I haven't examined this in

I haven't examined this in detail, and I don't intend to until I've looked through the Tiljander case. If you're sure on this R2 business, I'll take a look later. But the problems with your assertions on this are:

* Does the code in question necessarily calculate the scores you are talking about every time it's run?
* If certain input parameters or settings are needed to do that calculation, how can you know whether Mann ran it with those settings?
* Even if the code clearly was run to calculate these scores, how do you know Mann looked at them?

Because only if he both calculated and looked at the results can you call his statements on this a lie.

I think he's saying that Mann

I think he's saying that Mann reported some R2 results, so it makes sense to think he calculated all of them.
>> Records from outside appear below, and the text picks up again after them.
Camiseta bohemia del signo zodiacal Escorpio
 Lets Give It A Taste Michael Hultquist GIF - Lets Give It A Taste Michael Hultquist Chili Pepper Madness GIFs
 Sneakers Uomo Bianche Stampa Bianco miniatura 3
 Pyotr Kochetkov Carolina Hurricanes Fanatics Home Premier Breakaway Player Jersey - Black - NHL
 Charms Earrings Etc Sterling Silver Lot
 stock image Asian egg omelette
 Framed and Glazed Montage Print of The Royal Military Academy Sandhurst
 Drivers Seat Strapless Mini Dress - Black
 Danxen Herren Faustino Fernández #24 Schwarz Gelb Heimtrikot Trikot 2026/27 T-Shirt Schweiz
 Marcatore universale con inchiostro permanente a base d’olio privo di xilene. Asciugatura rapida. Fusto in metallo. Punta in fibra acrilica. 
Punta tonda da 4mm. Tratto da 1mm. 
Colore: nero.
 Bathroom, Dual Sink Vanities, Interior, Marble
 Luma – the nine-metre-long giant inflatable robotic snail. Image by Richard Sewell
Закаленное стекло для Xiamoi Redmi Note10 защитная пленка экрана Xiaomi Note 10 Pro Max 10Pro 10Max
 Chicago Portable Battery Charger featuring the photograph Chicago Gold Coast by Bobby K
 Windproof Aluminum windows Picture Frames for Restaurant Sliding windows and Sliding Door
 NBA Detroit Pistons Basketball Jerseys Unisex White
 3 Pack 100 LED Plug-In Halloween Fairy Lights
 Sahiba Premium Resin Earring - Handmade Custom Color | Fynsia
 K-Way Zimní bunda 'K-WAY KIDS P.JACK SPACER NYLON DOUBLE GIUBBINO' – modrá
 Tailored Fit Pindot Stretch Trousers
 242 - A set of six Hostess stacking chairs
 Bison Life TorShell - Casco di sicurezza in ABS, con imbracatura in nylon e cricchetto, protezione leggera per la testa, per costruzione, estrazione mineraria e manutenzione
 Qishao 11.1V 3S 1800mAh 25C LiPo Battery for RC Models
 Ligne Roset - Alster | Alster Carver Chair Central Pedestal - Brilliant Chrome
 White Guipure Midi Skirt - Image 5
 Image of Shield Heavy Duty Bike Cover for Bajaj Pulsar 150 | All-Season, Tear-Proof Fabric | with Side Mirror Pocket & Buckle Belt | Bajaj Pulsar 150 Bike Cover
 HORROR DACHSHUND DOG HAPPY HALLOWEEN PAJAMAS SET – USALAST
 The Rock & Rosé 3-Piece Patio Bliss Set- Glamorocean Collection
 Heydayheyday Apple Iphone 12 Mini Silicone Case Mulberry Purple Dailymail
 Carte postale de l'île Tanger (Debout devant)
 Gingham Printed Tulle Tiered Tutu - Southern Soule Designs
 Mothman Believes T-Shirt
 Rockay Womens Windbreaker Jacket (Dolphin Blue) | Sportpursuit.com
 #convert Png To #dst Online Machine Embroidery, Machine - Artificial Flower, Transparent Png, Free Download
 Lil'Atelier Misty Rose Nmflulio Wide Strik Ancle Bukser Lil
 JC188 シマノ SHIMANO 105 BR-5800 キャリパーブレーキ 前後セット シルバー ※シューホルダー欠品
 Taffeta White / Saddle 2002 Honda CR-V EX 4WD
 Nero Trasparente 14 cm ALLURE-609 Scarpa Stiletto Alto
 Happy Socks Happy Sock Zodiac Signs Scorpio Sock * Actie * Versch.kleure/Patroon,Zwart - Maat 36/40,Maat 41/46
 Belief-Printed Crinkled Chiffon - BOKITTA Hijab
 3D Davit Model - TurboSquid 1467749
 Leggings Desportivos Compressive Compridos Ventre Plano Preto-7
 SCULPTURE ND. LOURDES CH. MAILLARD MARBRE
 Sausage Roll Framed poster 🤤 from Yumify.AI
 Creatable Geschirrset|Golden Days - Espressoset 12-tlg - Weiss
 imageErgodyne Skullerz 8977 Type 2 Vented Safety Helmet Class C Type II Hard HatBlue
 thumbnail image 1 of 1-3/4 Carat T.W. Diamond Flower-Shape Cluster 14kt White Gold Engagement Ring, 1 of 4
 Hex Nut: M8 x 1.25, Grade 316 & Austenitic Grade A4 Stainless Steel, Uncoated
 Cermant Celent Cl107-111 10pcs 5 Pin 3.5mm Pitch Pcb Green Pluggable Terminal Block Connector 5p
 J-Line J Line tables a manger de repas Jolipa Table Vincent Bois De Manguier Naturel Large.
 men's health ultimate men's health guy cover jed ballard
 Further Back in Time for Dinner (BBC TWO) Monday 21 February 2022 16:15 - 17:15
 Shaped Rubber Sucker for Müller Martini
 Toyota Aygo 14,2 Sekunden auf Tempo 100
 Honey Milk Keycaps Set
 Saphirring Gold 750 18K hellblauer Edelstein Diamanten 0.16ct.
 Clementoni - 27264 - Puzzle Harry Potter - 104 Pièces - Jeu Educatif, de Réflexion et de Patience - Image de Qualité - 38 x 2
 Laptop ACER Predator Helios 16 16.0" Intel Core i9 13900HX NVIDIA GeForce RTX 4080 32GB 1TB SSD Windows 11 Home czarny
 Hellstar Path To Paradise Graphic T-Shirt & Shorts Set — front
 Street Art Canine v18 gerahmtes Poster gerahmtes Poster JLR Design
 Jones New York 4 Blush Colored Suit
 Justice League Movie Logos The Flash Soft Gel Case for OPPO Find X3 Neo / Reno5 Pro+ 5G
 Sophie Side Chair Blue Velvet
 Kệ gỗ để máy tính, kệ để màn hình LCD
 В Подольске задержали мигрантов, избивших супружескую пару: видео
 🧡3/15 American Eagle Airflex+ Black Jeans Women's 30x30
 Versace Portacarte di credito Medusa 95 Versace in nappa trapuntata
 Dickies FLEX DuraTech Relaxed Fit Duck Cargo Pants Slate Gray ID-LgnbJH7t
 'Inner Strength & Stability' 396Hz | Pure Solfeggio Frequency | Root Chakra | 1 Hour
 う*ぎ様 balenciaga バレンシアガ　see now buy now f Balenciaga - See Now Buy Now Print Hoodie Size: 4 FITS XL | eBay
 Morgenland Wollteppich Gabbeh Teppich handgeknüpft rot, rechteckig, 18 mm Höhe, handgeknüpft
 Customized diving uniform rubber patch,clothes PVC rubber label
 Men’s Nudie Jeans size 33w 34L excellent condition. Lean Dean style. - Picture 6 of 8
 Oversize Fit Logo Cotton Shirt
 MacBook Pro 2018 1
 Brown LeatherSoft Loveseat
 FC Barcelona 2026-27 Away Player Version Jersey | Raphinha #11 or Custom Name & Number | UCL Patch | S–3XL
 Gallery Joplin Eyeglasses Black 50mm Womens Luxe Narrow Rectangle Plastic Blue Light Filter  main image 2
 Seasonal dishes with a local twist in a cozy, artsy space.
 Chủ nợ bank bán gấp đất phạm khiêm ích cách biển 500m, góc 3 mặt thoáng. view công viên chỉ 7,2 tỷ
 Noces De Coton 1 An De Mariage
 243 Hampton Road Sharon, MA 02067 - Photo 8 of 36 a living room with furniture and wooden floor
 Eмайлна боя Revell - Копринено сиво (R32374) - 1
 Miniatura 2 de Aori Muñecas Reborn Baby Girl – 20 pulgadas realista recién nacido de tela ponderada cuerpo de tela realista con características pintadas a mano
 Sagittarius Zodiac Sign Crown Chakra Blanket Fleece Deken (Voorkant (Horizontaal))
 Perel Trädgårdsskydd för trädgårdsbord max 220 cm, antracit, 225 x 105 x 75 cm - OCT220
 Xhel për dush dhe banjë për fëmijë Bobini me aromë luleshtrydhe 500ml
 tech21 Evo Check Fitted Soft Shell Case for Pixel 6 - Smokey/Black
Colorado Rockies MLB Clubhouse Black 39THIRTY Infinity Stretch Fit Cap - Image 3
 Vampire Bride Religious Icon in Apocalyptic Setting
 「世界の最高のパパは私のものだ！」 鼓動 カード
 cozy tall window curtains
There are different steps in the program, back to 1800, back to 1700, etc.

Oh come on. Mann reported

Oh come on. Mann reported the R2 verification scores for the 1820 step of his reconstruction. He put it in his paper.

You don't even need to look at his code to know he calculated R2 verification scores.

Schmidt on

Yes, Gavin Schmidt's response

Yes, Gavin Schmidt's response to the pending questions on Tiljander is at the C-a-s post that Michael Tobis links.

That post was linked and discussed earlier in this thread, at "Well you did get" and at "This is a response to Martin".

I've paraphrased Gavin's (and C-a-s commenter toto's) response to the question,

Are the Tiljander proxies calibratable to the instrumental record, 1850-1995?

as, "I don't know, and it doesn't matter."

I think each reader should consider whether this is an acceptable answer to a scientific issue (as opposed to, say, an adequate response to some courtroom examination).

As a thought experiment, consider Tim Lambert's discovery of the Methods error made by McKitrick and Michaels, mixing up Degrees and Radians. Would a defense of McKitrick and Michaels that ran "I don't know, and it doesn't matter" be acceptable to you?

In that case, McKitrick and Michaels acknowledged their error. Isn't that a better outcome than settling for "I don't know"? Rather than claiming "and it doesn't matter," McKitrick and Michaels recalculated their findings and the associated statistics. So we can check the P values in the corrected manuscript, and see whether "it matters" (it significantly weakens their findings, in my opinion).

Advocates of "I don't know, and it doesn't matter" should show what distinguishes calls for McKitrick and Michaels to investigate their possible error on radians, from calls for Mann et al. to investigate their possible error on Tiljander. In my opinion, both are pro-science developments.

This exchange upthread (Reply to "Hmm. So, Kaufmann) with Martin Vermeer shows another subtlety with the "I don't know" part of Gavin's answer. "I don't know" could mean one of several related things:

1. "I don't know--I haven't investigated the issue."
2. "I don't know--having looked into it, I haven't come to a conclusion yet."
3. "I don't know--I've looked into it, but I lack the interest/expertise/time/etc. needed to draw a conclusion."
4. "I don't know--it's not one of those questions that I or anyone else can answer definitively."

So I should have followed up with Gavin by asking, "Does 'I don't know' mean #1, #2, #3, #4, or something else?"

I just noticed that an easy

I just noticed that an easy way to read the threads when they are in low volume, is to click more on the left column, and it shows the most recent posts.

While perhaps the behavior

While perhaps the behavior meets your definitions, I don't think Mann is guilty of fraud. If he were guilty, why is he releasing his code so people can see how guilty he is? His code and data publications are much better in his later papers than his early ones. He is not willing to cede any ground to Steve McIntyre, but yet his behaviour in later papers shows him adopting Steve's critiques, Tiljander excepted. We find a sensitivity study without bristlecones, dropping PC analysis, more code release, etc.